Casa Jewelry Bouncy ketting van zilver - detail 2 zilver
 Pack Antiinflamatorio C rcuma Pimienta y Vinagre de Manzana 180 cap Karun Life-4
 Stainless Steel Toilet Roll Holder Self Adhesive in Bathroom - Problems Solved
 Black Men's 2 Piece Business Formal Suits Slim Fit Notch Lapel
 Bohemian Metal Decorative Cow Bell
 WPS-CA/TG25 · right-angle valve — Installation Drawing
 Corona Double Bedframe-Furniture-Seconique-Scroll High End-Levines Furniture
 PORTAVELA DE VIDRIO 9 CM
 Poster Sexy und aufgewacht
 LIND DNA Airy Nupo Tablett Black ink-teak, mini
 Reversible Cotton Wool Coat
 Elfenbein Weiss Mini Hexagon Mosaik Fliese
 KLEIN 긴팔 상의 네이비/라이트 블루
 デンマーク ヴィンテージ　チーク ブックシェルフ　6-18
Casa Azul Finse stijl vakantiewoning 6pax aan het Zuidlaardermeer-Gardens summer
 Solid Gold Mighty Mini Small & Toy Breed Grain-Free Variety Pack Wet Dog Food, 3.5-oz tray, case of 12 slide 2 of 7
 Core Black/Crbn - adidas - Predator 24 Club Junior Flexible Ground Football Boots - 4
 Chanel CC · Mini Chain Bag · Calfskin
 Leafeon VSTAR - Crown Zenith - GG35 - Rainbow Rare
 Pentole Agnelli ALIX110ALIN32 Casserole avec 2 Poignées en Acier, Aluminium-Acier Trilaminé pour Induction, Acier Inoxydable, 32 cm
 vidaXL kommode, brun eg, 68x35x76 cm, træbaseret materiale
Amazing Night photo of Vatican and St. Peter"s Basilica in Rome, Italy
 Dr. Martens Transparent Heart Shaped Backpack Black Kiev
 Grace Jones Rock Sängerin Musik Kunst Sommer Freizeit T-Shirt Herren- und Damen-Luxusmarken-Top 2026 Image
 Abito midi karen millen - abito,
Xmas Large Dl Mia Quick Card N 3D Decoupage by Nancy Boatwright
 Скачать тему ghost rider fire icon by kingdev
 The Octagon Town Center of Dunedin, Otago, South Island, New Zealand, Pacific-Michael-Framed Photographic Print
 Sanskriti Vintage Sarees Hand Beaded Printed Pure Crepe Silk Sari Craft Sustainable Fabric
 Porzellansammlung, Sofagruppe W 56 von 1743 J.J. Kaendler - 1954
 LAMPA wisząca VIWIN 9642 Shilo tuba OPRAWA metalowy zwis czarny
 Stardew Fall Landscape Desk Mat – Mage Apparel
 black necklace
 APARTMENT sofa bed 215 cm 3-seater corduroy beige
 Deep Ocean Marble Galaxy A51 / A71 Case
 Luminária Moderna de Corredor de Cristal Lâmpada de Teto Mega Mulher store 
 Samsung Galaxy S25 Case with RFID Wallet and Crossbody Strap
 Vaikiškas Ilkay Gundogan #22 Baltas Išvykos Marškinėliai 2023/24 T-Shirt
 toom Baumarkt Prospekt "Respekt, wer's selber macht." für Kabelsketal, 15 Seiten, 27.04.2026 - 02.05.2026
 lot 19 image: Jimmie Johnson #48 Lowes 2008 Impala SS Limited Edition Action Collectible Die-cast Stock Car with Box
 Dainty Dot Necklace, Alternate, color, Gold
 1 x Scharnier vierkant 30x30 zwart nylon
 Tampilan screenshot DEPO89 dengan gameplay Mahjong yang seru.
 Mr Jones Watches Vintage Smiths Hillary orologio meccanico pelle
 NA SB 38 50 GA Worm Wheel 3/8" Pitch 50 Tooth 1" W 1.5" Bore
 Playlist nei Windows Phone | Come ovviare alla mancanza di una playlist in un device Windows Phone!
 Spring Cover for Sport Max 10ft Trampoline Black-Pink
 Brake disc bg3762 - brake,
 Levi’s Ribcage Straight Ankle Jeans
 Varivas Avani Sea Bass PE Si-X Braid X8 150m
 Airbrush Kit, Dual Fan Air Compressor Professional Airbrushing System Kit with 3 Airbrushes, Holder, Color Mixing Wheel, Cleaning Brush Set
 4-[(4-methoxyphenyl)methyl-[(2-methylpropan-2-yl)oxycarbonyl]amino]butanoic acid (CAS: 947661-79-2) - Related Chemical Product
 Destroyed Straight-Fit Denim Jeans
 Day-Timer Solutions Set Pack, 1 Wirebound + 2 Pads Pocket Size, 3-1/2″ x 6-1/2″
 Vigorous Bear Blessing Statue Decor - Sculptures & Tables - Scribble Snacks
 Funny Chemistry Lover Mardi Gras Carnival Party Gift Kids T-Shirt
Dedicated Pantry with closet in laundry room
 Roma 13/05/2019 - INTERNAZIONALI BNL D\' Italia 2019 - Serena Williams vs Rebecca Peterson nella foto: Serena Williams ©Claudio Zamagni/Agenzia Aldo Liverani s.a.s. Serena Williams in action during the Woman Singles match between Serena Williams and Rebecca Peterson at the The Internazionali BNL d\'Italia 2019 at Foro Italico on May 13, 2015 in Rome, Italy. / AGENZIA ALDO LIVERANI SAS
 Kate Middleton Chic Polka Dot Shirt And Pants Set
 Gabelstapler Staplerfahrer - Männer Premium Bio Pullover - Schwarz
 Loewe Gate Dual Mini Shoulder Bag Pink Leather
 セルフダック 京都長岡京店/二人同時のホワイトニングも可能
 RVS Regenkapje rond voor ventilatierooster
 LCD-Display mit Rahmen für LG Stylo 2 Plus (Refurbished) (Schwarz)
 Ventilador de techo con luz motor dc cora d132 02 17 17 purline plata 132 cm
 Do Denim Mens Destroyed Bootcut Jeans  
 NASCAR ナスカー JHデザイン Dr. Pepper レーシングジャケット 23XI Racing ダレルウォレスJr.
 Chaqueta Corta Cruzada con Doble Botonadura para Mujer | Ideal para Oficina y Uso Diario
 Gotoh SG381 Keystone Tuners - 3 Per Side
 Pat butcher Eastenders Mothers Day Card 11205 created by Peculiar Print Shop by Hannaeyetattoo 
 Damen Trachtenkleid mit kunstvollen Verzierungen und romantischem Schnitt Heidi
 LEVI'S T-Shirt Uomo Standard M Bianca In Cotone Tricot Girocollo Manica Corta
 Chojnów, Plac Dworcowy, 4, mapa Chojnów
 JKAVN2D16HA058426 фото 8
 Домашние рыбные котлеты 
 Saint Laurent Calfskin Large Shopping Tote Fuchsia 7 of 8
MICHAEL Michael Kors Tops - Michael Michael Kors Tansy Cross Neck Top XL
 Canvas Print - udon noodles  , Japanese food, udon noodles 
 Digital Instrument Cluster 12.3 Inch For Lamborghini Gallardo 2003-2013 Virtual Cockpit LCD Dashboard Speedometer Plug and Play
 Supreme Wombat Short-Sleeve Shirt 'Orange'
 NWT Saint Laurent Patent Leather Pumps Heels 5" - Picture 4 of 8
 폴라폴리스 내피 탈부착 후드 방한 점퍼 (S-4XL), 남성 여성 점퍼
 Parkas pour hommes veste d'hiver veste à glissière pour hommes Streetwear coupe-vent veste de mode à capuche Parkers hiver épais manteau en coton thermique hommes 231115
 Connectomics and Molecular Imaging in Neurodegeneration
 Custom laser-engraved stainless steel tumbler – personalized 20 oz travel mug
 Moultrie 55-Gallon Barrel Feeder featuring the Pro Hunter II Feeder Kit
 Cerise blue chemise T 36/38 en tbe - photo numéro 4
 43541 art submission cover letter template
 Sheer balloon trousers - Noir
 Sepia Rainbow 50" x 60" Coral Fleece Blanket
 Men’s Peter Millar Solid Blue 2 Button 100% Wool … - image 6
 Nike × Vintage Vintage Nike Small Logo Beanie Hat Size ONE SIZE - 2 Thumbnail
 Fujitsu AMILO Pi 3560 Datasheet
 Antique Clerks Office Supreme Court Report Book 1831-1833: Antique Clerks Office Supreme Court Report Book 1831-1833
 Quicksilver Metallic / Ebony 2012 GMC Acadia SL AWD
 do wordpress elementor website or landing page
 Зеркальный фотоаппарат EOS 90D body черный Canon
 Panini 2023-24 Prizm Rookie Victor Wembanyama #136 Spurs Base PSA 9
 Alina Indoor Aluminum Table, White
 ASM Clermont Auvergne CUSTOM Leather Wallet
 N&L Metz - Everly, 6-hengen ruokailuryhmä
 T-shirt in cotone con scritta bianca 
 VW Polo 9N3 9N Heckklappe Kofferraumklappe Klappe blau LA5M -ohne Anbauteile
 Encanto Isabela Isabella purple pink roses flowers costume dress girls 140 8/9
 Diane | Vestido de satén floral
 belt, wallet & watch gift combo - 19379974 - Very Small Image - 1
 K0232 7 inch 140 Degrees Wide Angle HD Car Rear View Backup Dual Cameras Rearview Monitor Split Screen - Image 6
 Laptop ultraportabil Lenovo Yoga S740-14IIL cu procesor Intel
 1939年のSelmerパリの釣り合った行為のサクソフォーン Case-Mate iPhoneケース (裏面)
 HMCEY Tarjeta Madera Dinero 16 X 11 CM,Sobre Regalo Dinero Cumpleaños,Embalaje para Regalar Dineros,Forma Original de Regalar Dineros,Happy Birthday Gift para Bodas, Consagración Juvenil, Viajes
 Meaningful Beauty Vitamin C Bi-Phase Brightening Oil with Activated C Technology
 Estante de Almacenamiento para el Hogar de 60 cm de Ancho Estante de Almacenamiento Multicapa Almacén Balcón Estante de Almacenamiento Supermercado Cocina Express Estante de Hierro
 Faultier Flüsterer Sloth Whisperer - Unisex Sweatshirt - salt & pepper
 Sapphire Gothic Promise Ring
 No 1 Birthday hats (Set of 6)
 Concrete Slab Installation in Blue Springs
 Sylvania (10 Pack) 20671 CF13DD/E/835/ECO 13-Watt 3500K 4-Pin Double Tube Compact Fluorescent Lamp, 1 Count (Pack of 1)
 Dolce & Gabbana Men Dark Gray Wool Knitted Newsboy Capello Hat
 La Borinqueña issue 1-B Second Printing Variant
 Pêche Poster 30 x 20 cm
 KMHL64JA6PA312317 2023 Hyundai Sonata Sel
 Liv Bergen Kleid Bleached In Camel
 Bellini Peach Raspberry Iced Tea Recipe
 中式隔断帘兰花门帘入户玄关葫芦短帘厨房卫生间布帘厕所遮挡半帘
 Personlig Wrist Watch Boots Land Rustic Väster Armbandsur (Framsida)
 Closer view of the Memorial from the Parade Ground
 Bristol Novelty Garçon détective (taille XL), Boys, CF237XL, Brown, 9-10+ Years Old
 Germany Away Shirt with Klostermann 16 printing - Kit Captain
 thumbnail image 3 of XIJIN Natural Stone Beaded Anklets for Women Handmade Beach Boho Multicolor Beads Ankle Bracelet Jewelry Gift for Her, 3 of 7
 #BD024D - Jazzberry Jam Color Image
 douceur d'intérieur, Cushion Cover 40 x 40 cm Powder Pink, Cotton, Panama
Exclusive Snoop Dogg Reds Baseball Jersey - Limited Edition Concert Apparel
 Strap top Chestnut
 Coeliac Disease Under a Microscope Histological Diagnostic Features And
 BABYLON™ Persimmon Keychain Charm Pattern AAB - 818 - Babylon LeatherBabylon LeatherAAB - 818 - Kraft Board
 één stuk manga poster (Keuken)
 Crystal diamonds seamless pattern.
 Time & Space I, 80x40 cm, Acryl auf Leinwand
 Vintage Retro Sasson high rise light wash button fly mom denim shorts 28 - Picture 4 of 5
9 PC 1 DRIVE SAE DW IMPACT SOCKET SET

------------------------------------------------

» What you have to do
What you give back must be the stretch above, starting at the line with "vidaXL kommode, brun" and ending at the line with "black necklace", copied exactly.

» Reply to the task
 vidaXL kommode, brun eg, 68x35x76 cm, træbaseret materiale
Amazing Night photo of Vatican and St. Peter"s Basilica in Rome, Italy
 Dr. Martens Transparent Heart Shaped Backpack Black Kiev
 Grace Jones Rock Sängerin Musik Kunst Sommer Freizeit T-Shirt Herren- und Damen-Luxusmarken-Top 2026 Image
 Abito midi karen millen - abito,
Xmas Large Dl Mia Quick Card N 3D Decoupage by Nancy Boatwright
 Скачать тему ghost rider fire icon by kingdev
 The Octagon Town Center of Dunedin, Otago, South Island, New Zealand, Pacific-Michael-Framed Photographic Print
 Sanskriti Vintage Sarees Hand Beaded Printed Pure Crepe Silk Sari Craft Sustainable Fabric
 Porzellansammlung, Sofagruppe W 56 von 1743 J.J. Kaendler - 1954
 LAMPA wisząca VIWIN 9642 Shilo tuba OPRAWA metalowy zwis czarny
 Stardew Fall Landscape Desk Mat – Mage Apparel
 black necklace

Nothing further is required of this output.